I'm an EEE, and one of the strange things I've noticed is that, for whatever reason, people from a CompSci background is really, really have trouble building and understanding even simple state machines.
I suspect this unintuitiveness is the main reason why we don't see more state machines, as even in the case where they're an optimal solution many SWEs will shy away from them.
Locally-rendered UIs are probably one of the best examples of where state machines shine. State-machine based ImGuis lower complexity by orders of magnitude, yet, people still resist.
In software, it’s rare that two states can be transitioned between synchronously. Or at least, modeling a problem in terms of states that have synchronous transitions is hard. Waiting for user input, making a network request, disk IO, etc. are all asynchronous. This makes it annoying to design a state machine.
Just as an example, imagine you have two states you want to model, A and B. Let’s say the transition between A and B requires 3 async operations. You then need 8 total states: A, A_before_step_1, A_before_step_2, A_before_step3, B, B_before_step_1, B_before_step_2, and B_before_step_3. It just becomes totally unmanageable.
> This makes it annoying to design a state machine.
Annoying sure, but necessary right? With or without a state machine you have to handle all the states, and if you don't bother quantifying all possible states of your model and just winging it, it's not like those extra transition states magically disappear. Instead you just run into weird multithreading bugs and after banging your head against the wall for 5 hours you realize you forgot about a transitory state
And just to clarify, I don't mean handling every single state possible, because that's most likely infinite. But if you specify a finite number of states your app can be in, and then mark the invalid transitions to take you to an invalid state, then you can figure out when your app is in an invalid state immediately instead of having the weird bugs crop up randomly.
No, not necessary. The key insight here is that the transitions are the hard part. One way to solve this is to write your transitions as a series of asynchronous steps that feed into each other. The end result is an asynchronous chain of operations.
E.g. if you have a video app, playing a video might look like:
1) Read the user metadata from disk.
2) Use the user metadata to make a network request for the video metadata.
3) Deserialize the video metadata on a background thread.
4) Present the video player with the video metadata on the main thread.

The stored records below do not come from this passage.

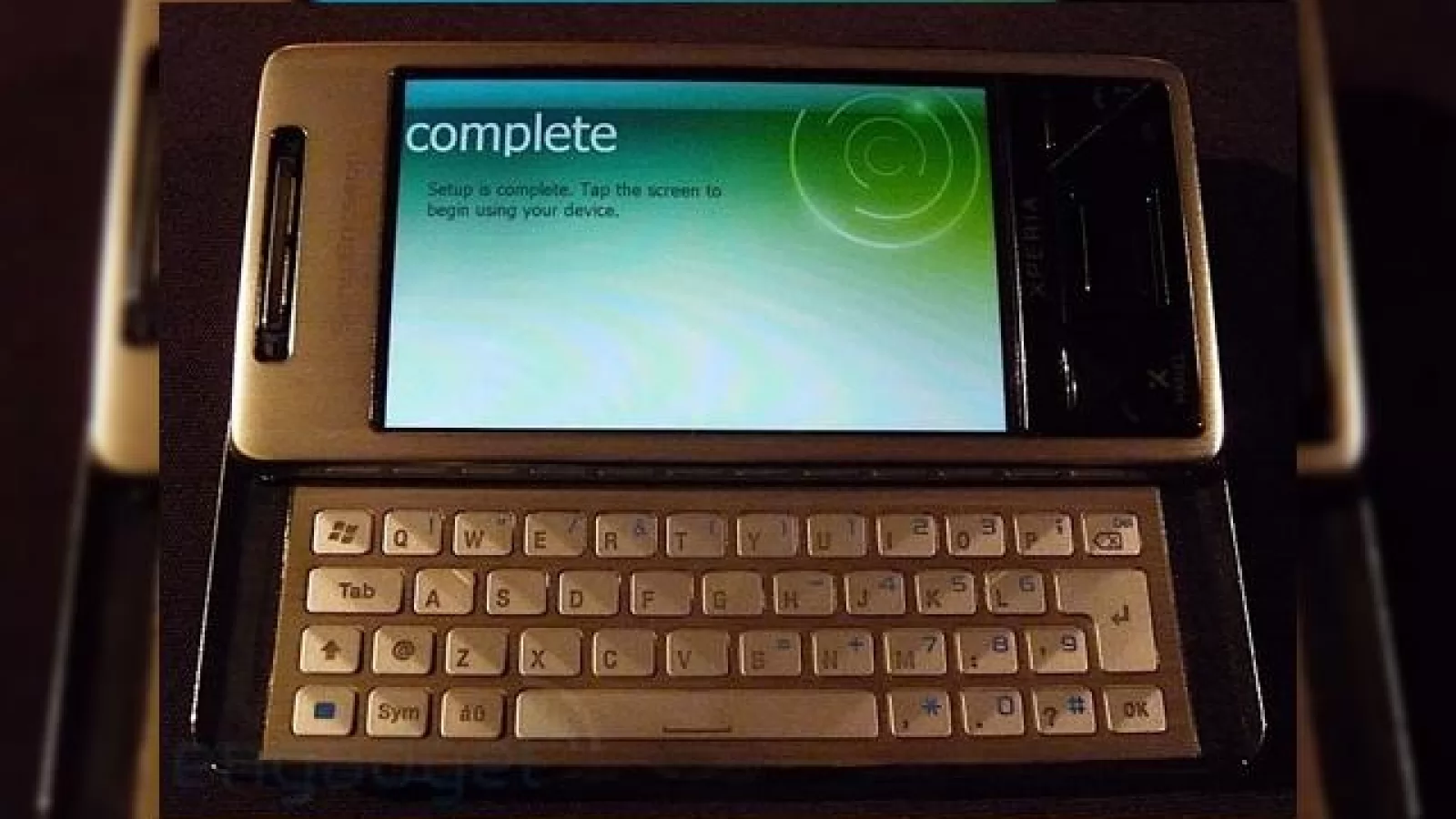 Batalia tastaturilor: XPERIA X1 versus HTC Touch Pro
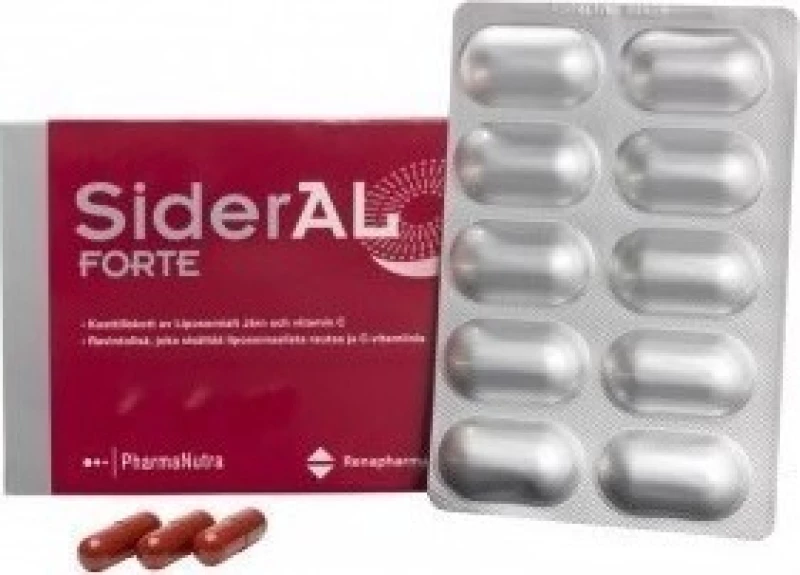 Winmedica Sideral Forte 20 κάψουλες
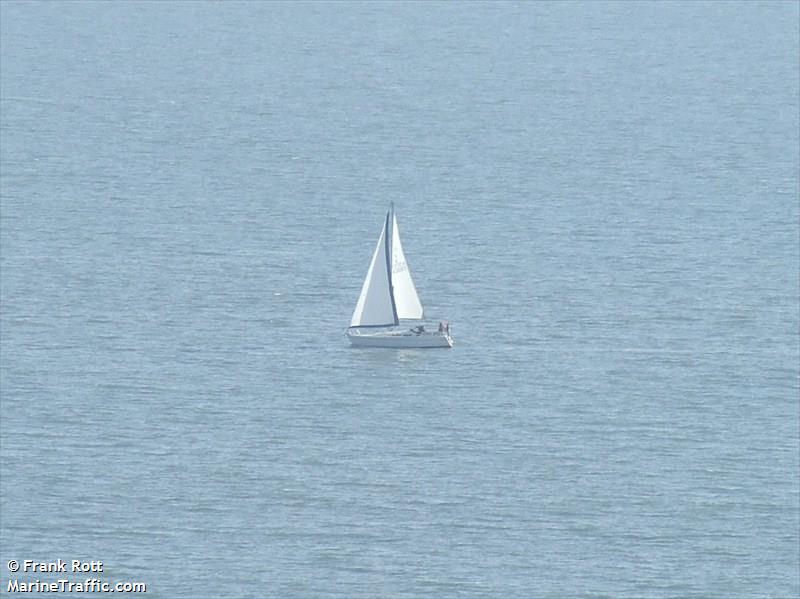 dinamic (Pleasure craft) - IMO , MMSI 235088276, Call Sign 2HOE3 under the flag of United Kingdom (UK)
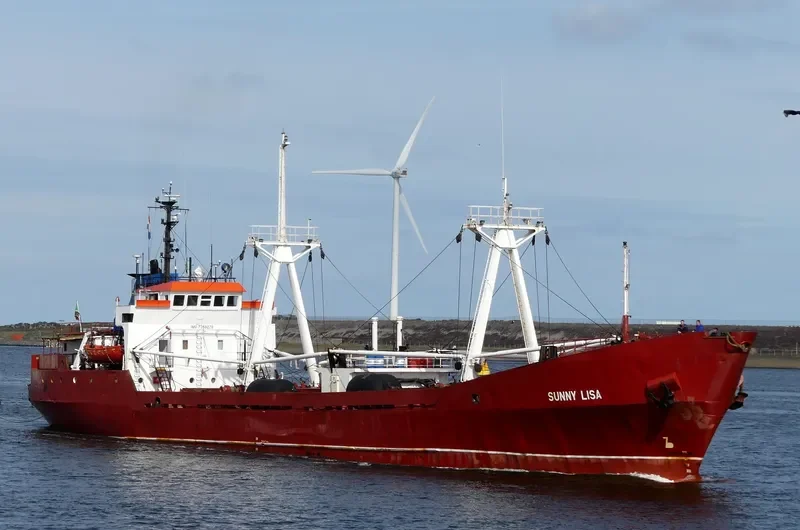 SUNNY LISA General Cargo IMO 7359278 photo 4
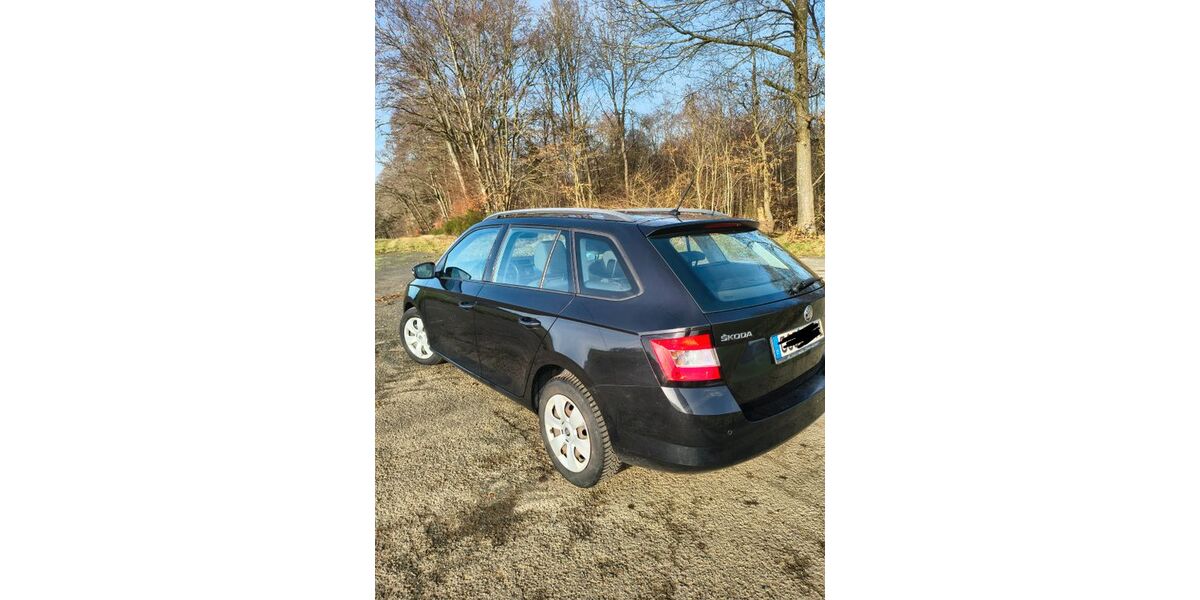 Skoda Fabia 188.000 km 6.500 &euro; Düngenheim 56761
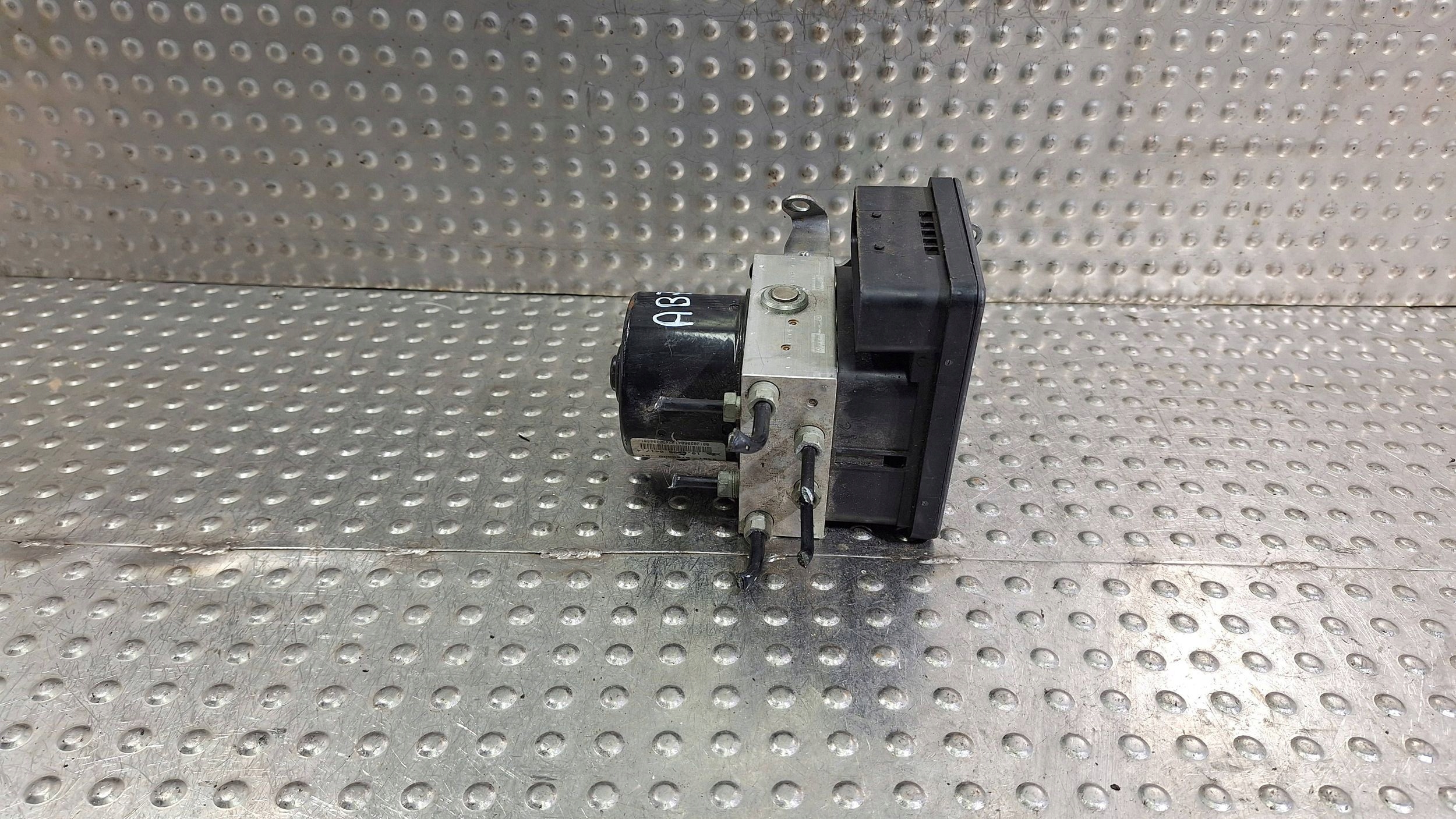 pump control unit ABS 6789301 6789300 BMW E81 E87 E90 E91 E92 E93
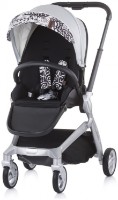 Коляска Chipolino 3in1 Emotion Silver (KKEM02102SL)  фото №3 — интернет-магазин Desire.md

You compose each step into a chain of operations. Each step in the chain contains async work as well as logic that “cleans up” the work. So when you want to play a video, your code says “start the complicated video chain.” When you want to stop the video, your code says “stop the video chain.” The chains are a generic sequence of steps, so they can be stopped in the middle. Each step contains its own cleanup logic, so the cleanup of any pending work can happen automatically upon stopping the chain.
tldr: “state” the user is in at any given time is so complex that it’s impossible model with a state machine. It’s easier to think of cascading asynchronous steps instead. A good library for writing this kind of code is called Rx.
It's been a while since I wrote any Rx in earnest, but when I did, it was useful to look at it as almost exactly what you'd end up if you incorporated time (via ordered streams/publishers/observers/etc.) into a model that represents a state machine model.
That is to say, you can kinda both be right here. ;)
This is one that you can actually get a lot better mileage by introducing a new state machine, oddly. You have the states A and B, but you also have the state machine for the transition that is T1, T2, and T3. In this world, you have 5 things you need to be able to render/model. A, B, T1, T2, and T3. That the T things will be modeled/rendered inside either A or B can usually be irrelevant.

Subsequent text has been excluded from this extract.